The High Court has been told that the sale of Quinn Insurance Ltd (QIL) to US insurer Liberty Mutual and Anglo Irish Bank was put in jeopardy as a result of the under-reporting of reserves by QIL employees.
The sale of the insurance company to the joint venture was completed last month.
As a result of the sale, all of QIL businesses in the Republic of Ireland, except healthcare, transferred to Liberty Mutual. Liberty will be wholly responsible for the business while State-owned Anglo - now the Irish Bank Resolution Corporation - will have no day-to-day role in the business but will act in a loan recovery capacity.

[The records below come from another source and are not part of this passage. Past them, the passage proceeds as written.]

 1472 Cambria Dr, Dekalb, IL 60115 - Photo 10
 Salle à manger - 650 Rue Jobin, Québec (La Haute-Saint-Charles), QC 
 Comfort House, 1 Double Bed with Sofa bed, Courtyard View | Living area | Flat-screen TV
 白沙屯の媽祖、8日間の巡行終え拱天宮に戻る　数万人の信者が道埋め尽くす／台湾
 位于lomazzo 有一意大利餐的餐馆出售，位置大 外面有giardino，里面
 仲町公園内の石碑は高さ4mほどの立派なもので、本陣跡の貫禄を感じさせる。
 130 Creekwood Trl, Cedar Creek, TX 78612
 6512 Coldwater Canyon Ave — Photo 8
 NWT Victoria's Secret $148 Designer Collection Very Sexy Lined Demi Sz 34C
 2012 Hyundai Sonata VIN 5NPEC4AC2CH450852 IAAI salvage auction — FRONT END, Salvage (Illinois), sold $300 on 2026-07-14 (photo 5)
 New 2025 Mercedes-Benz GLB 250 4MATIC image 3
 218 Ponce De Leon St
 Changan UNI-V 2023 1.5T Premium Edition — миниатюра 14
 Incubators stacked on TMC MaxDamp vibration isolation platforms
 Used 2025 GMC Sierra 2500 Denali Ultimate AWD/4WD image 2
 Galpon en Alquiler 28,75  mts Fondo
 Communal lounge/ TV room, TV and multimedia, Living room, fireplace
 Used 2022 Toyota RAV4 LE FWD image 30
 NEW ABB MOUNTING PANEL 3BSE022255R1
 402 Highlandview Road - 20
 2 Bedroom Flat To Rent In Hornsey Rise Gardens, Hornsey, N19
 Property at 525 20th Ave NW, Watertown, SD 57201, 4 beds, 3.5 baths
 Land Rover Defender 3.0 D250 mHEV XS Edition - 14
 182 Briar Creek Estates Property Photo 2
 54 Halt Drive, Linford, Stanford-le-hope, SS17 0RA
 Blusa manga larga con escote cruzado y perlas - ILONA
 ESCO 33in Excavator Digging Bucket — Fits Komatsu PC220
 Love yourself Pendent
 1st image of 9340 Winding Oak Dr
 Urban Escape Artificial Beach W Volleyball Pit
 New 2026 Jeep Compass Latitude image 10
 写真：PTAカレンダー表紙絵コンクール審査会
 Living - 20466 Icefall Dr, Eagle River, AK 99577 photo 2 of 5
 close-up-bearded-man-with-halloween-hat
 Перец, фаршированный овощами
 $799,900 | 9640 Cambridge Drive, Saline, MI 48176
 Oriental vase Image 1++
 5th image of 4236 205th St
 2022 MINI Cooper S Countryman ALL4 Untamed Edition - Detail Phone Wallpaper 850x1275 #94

Bernard Dunleavy, for the joint administrators of QIL Michael McAteer and Paul McCann - who were appointed by the Financial Regulator in April 2010 - told Mr Justice Nicholas Kearns his clients discovered last October that QIL's reserves had been under-reported.
This could have led to the collapse of the sale to the joint venture as the under-reporting of reserves represented a material change to the deal, and affected QIL's cash flows. Counsel said that any collapse would have been "disastrous" for all concerned.
Counsel said there had been a culture of under-reporting of reserves by QIL prior to the appointment of the joint administrators.
After discovering the under-reporting, the joint administrators, who took disciplinary actions against those employees of QIL involved, had to re-negotiate some of the terms of the sale.
The effect of the renegotiation was that a larger tranche of public money being paid out of the State's Insurance Compensation Fund to cover QIL's losses was required to cover QIL's cash flows in the shorter term.
As part of the sale, around €740m of public money is to be paid out of the Insurance Compensation Fund to QIL, including an immediate payment of €320m to facilitate the sale.
As a result of the under-reporting, counsel said payments of €210m from the fund to QIL in January 2012 and €40m in March 2012 were required. Requests for drawdowns from the fund during the rest of 2012 and afterwards will have to be made to the High Court.
Counsel said that while these tranches were bigger than initially expected, the overall effect of the renegotiation meant that, in the long-term, less money may be required from the fund. Had the sale collapsed more than €800m would have been required from the fund, the court heard.
The application for the larger tranche payments was granted by Mr Justice Kearns. The judge agreed to make the order after being informed that the Minister for Finance supported the joint administrators' application.
The judge also said that he would rule in January on an application made on behalf of the joint administrators to approve fees for the costs involved in the administration of QIL.
The costs include fees charged by merchant bank Macquarie Capital Europe Ltd, which was hired by the joint administrators to help sell the insurance group.
Mr Justice Kearns said he required time to consider the application in relation to what the court was told were "substantial" fees.
The judge was also told that efforts to sell Quinn HealthCare were progressing, as were efforts to sell a hotel owned by the company in Cambridgeshire in England.